¿Te gusta discutir?
Desde muy temprana edad, tuve cerca de mí a personas que huían como de la peste de cualquier discusión o conato de ella. Nunca daban pie a que se formara y, si la atisbaban o veían que era inevitable, trataban de cambiar de tema o directamente huían, incluso literalmente. Para ellas, las discusiones eran el mal que había que evitar: si no se discutía, todo era felicidad absoluta o, al menos, felicidad aparente... y eso era mucho mejor que discutir y correr el riesgo de ver iniciada una supuesta pelea que nos provocara malos rollos o incluso un infarto generalizado.
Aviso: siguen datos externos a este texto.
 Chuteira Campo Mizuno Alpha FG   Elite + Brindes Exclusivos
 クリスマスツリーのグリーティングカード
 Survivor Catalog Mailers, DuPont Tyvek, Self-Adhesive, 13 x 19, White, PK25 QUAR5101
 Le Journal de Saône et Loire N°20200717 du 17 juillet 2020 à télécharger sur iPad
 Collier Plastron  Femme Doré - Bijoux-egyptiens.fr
No les bastaba con impedirlas casi incluso por decreto: si veían que tus comentarios podrían dar lugar, quizás, a una discusión (un simple intercambio acalorado de ideas o incluso ni acalorado), allá que entraban ellas a cortar el cambio de pareceres, no fuera a ser que una cosa llevara a la otra y la última fuera un derramamiento inevitable de sangre. Para estas personas, discutir era sinónimo de romper relaciones, tensar familias y hacer la guerra. Por supuesto, con el fin de evitarlo, aconsejaban siempre dar la razón a los otros como si fueran tontos. Llevarles la contraria era un riesgo demasiado elevado. Ay, qué recuerdos, por cierto, aquellos amigos que me aconsejaban ni siquiera hablar (¡no ya discutir!) de política...
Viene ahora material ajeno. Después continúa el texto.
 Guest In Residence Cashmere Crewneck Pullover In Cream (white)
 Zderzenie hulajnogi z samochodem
Desde muy temprana edad, conviví con personas a las que les encantaba discutir incluso sin razón aparente o simplemente por tocar las narices. En ocasiones yo caí en dicho comportamiento, lo reconozco, aunque luego comprendí que las discusiones son interesantes (¡y saludables!) si son auténticas y no forzadas. Al fin y al cabo, del mismo modo que no hay mejor forma de mostrar respeto (personal, humano) a alguien que llevar la contraria a sus argumentos con argumentos supuestamente mejores, no hay cosa más triste que no rebatir algo por miedo... ni cosa más absurda que discutir con quien pasa del tema.
A día de hoy, intento comportarme de modo natural: en función de las circunstancias, opino libremente de lo que supuestamente se debate e intento no callarme una opinión aunque sea minoritaria. Si, como consecuencia de ello, se inicia una discusión encendida, no me asusto e incluso me parece razonable, dado que somos humanos y no máquinas insensibles e indolentes.
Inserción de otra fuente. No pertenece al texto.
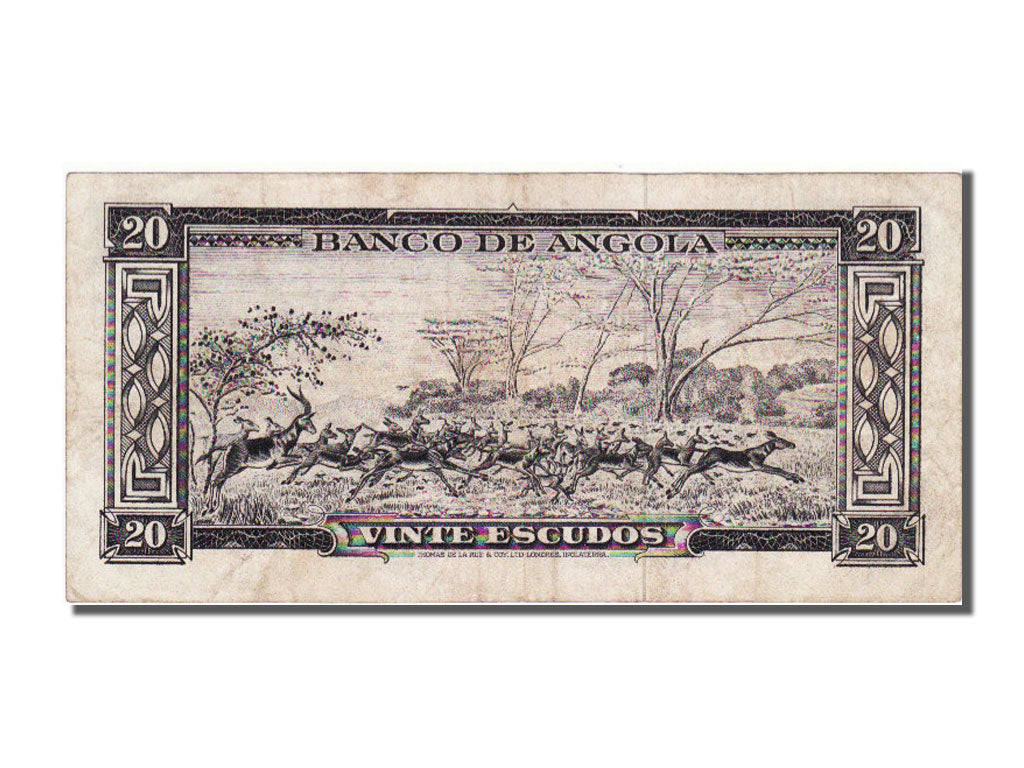 Angola, 20 Escudos, 1962, 1962-06-10, VF(30-35)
No creo que haya que decir nada para generar artificialmente polémica y tampoco que haya que opinar siempre de todo y en cualquier circunstancia y tampoco que tengamos que ir diciendo a la gente lo que pensamos de ella; pero tampoco debemos callarnos por miedo al qué dirán o porque nuestra opinión sea minoritaria o porque pudiera estar, en ese determinado lugar y a esa hora, mal vista. Todo ello con dosis de desparpajo pero también de prudencia.
Desde siempre, el ser humano ha necesitado y necesita sentirse reconfortado y notar que rema en la misma dirección que el resto, sentir que forma parte de un grupo y que camina por la misma senda. Sin embargo, la discusión y el intercambio de pareceres forman parte de su esencia. No tengamos miedo a llevar la contraria a los demás... y mucho menos a nosotros mismos. Es una buena medicina contra los sectarismos. Y tampoco, por cierto, tengamos problema en dar la razón a quien pensamos la tenga.